07 outubro 2007

despertar-me

A elegância com que o rui a. apresenta os seus argumentos, a fluidez da sua prosa, o profundo conhecimento que exibe na sua área de especialidade - para quem não saiba, o rui é doutorado em ciência política - e algumas características extraordinárias da sua personalidade que transparecem nos seus textos, produzem um efeito de tal modo conciliador no espírito do leitor, que não é raro eu chegar ao final dum texto dele e ser forçado a despertar-me a mim próprio: "Alto e pára o baile, isto é bonito de mais para ser verdade".

Aconteceu assim com o seu último post, onde ele defende a monarquia constitucional como o arranjo político que, provavelmente da forma mais eficaz, consegue exercer um efeito moderador entre os vários poderes da sociedade.
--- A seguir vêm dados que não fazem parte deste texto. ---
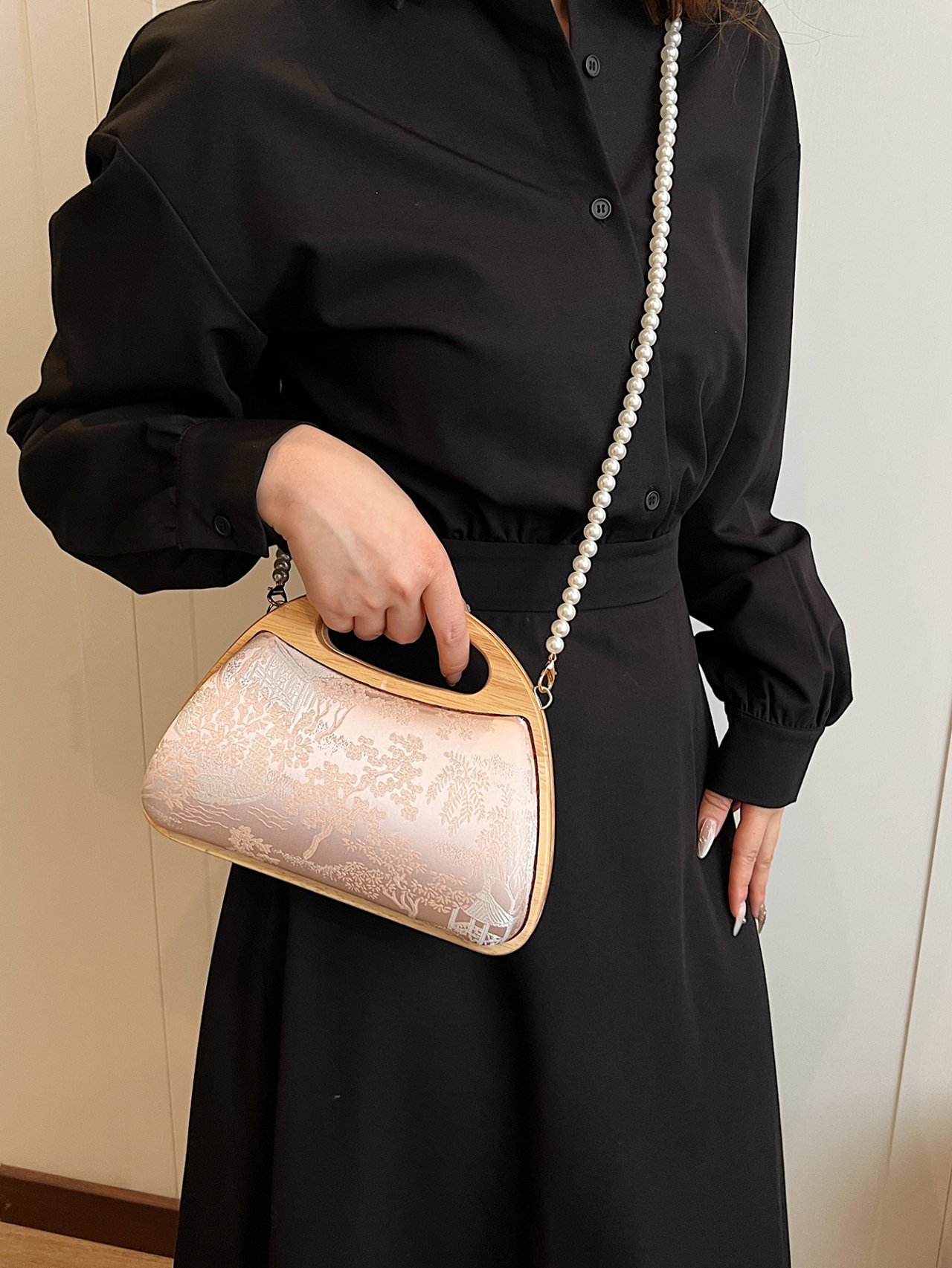 Pink Jacquard Clutch with Wooden Handle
A questão que eu gostaria de deixar à reflexão do rui é a seguinte: onde está a evidência empírica para suportar essa tese? Começando pelos países católicos, que são aqueles que mais nos interessam, porque neles está incluído Portugal, eu não vejo evidência absolutamente nenhuma. Antes pelo contrário.
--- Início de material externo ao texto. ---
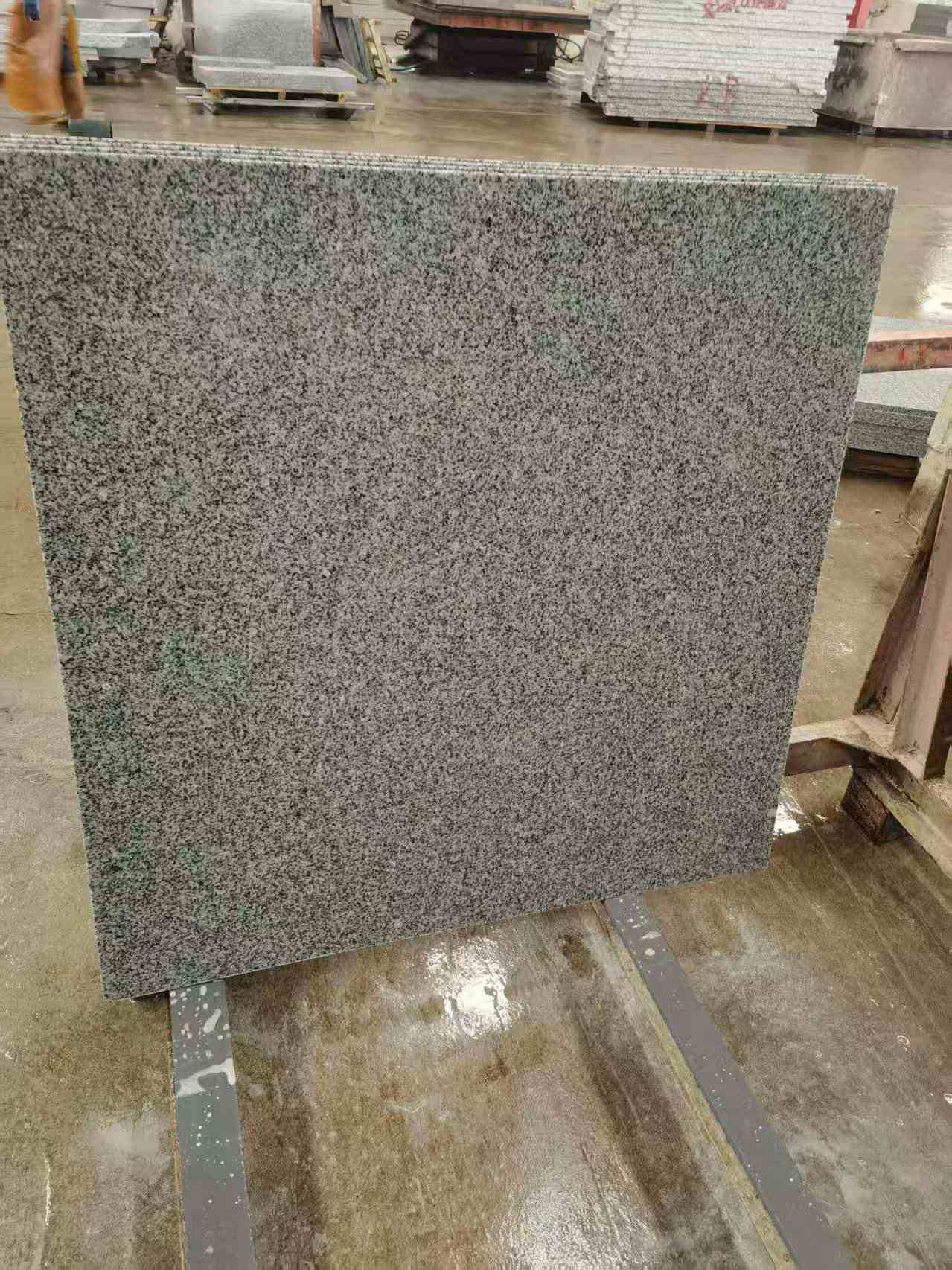 三沙 芝麻白光面900*900，高地铁标准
A monarquia constitucional (1822-1910) foi um dos piores períodos da nossa história, só excedido pela república constitucional de 1910-26. Foi um período de guerras civis, perseguições religiosas, ditaduras (isto é, suspensão das garantias constitucionais), revoltas populares, perda de colónias (Brasil), instabilidade governativa extraordinária, golpes de estado e até um regicídio - há quem diga que existiram dois - que acabou de vez com o poder moderador do rei - se é que ele tinha algum. No Brasil não foi diferente. E, em Espanha, foi provavelmente ainda pior, levando à mais sangrenta guerra civil de que há memória na história da Península Ibérica.

Nos países protestantes, talvez seja possível encontrar alguma confirmação para a tese do efeito moderador da monarquia constitucional, mas só alguma, pelo que passamos a entrar no domínio da evidência selectiva. Assim, por exemplo, a Inglaterra é uma monarquia, mas não possui uma constituição. O mesmo acontece com o Canadá, o qual permanece formalmente dependente da coroa britânica, e também não tem uma constituição - meramente uma charter of rights.

Eu não gostaria de inviabilizar a tese - onde, de facto vejo uma semente de verdade - sem sugerir um caminho para a corrigir. E a minha sugestão é a seguinte. Se o rui, na procura de um poder moderador eficaz, tivesse parado pela monarquia, a tese passaria a ser muito mais defensável do que quando lhe juntou o adjectivo constitucional. A constituição estragou tudo - seguramente, quando a tese se refere aos nossos países de tradição católica.